Kadiyânîlik'in temel görüşleri, Mirza Gulam Ahmet'in mesihlik, mehdilik, nebilik gibi iddiaları çevresinde toplanır. Bu iddialar, kendi bağlılarının bile ancak bir bölümünce kabul görebilmiştir. İman esaslarına ilişkin görüşleri Eş'ari ve Maturidi kelâmcılarının görüşlerinden bir ayrılık taşımaz. Onlara göre iman, Kur'ân'da kullanıldığı gibi Allah'ın birliğini dil ile ikrar ya da kalb ile tasdik etmek, Hz. Muhammed'in getirdiği hakikatlere sağlam bir şekilde inanmak veya hayırlı amellerde bulunmak, kabul edilen esasları hayata tatbik etmek yahut bu üçünün birliğine işaret eden inançtır. Amentüde ifade edilen iman esasları aynen kabul edilir. İslâm'ın şartları konusunda da tamamen Hanefi mezhebine uyarlar. Lahor kolu, fıkıh alanında farklı olarak ictihad kapısının sürekli açık olduğu görüşünü benimsemiştir. Sünnî mezheplerle en önemli ayrılık konularından birisini cihad konusundaki düşünceleri oluşturur. Buna göre kılıçla cihad devri geçmiştir. İslâm'ın yayılması için cihad kalem ve dua ile yapılmalıdır. Bu konudaki tutumları İngilizlerin önemli ölçüde işlerine yaramış, bağımsızlık mücadelesi veren müslümanların ise zararına olmuştur.

Kadiyânîlik'in Lahor kolu, Mirza Gulam Ahmet'in nebîlik iddialarını şiddetle eleştirmesi ve İslâm dışı görüşlere iltifat etmemesi nedeniyle İslâm sınırları içinde kalan bir hareket olarak değerlendirilmelidir. Bu kolun düşünceleri için, ilk liderlerinden Mevlana Muhammed Ali'nin, Naciye Hamdi Akseki tarafından Türkçe'ye çevrilen ve Ahmet Hamdi Akseki'nin notlarıyla zenginleştirilerek İslam Dini adıyla iki cilt halinde basılan (İstanbul 1942-1946) eserine bakılabilir. Buna karşılık Kadiyân kolu, ibadet konusundaki titizliklerine rağmen nübüvvet konusundaki inançları nedeniyle İslâm dışı bir çizgiye düşmüştür.
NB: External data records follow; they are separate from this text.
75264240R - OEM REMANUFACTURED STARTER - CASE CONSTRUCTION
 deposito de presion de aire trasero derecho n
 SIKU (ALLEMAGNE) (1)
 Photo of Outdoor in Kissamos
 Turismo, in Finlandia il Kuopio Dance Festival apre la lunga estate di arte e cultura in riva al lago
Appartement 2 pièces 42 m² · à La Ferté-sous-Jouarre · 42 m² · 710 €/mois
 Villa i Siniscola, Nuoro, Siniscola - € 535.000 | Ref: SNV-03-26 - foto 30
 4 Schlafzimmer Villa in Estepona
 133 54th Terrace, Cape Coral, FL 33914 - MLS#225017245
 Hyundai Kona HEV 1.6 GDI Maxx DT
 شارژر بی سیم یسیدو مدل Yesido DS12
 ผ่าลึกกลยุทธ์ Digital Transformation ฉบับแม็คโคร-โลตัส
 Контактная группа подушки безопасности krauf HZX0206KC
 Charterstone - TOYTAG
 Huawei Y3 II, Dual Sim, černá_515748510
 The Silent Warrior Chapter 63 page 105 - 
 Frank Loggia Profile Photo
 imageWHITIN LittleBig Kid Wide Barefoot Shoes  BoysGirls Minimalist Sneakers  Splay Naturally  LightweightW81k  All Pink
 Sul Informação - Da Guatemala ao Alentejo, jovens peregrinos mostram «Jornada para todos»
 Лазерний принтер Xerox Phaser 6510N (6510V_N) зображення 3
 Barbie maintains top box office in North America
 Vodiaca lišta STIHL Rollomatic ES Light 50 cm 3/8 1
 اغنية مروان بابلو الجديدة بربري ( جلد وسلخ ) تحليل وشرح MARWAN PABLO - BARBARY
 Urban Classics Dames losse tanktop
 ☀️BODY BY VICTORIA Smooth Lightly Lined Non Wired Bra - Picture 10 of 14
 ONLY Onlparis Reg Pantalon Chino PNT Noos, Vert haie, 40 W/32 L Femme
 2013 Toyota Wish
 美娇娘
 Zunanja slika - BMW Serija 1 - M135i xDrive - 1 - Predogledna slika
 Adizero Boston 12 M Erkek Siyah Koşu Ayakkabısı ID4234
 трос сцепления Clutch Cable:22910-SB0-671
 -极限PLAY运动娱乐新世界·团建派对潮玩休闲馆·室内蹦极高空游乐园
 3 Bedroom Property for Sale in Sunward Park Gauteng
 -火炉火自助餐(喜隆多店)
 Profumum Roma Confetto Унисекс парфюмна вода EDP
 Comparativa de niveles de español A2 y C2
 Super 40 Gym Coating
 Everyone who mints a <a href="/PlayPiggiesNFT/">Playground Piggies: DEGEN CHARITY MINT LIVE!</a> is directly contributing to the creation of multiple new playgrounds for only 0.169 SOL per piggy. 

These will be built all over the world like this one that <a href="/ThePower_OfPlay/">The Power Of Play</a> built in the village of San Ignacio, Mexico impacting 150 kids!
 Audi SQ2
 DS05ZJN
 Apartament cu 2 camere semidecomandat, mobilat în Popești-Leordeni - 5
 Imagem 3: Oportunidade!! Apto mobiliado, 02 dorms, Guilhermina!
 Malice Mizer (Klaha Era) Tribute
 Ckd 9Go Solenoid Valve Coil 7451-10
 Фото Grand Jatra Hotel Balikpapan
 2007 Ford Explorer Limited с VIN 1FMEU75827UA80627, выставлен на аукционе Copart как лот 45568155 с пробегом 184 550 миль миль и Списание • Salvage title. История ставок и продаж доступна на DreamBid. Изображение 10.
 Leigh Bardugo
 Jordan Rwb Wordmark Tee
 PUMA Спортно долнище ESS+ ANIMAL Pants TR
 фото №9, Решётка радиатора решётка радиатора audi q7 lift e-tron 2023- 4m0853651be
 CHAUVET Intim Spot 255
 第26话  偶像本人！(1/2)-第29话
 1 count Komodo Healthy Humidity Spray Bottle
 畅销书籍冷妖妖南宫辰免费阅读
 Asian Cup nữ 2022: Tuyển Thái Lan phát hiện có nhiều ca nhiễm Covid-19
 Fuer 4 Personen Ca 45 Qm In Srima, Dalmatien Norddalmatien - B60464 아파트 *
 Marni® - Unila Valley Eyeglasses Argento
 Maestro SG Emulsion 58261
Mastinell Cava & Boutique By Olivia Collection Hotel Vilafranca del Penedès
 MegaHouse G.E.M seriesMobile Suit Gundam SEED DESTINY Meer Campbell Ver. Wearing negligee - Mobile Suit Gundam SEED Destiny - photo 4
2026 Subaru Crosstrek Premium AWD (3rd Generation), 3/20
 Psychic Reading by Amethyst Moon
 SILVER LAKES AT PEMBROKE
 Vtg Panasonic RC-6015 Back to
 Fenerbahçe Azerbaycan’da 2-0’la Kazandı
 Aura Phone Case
Nitekim bu nedenle Kadiyânîlik Pakistan'da parlamentonun aldığı bir kararla (7 Eylül 1974) "İslâm dışı azınlık" ilan edilmiştir.

Kadiyânîler 1913 yılından başlayarak Avrupa'da çeşitli misyonlar kurdular. İngiltere, Hollanda, Batı Almanya, Danimarka, ispanya ve İsviçre'de, daha sonra Güney Amerika ve Birleşik Devletler'de, Asya ve Pasifik adalarında ve özellikle Afrika'nın hemen her bölgesinde çalışmalarını sürdüren oldukça etkili misyonları vardır. Bugün dünyada iki-on milyon arasında Kadiyâni olduğu sanılmaktadır.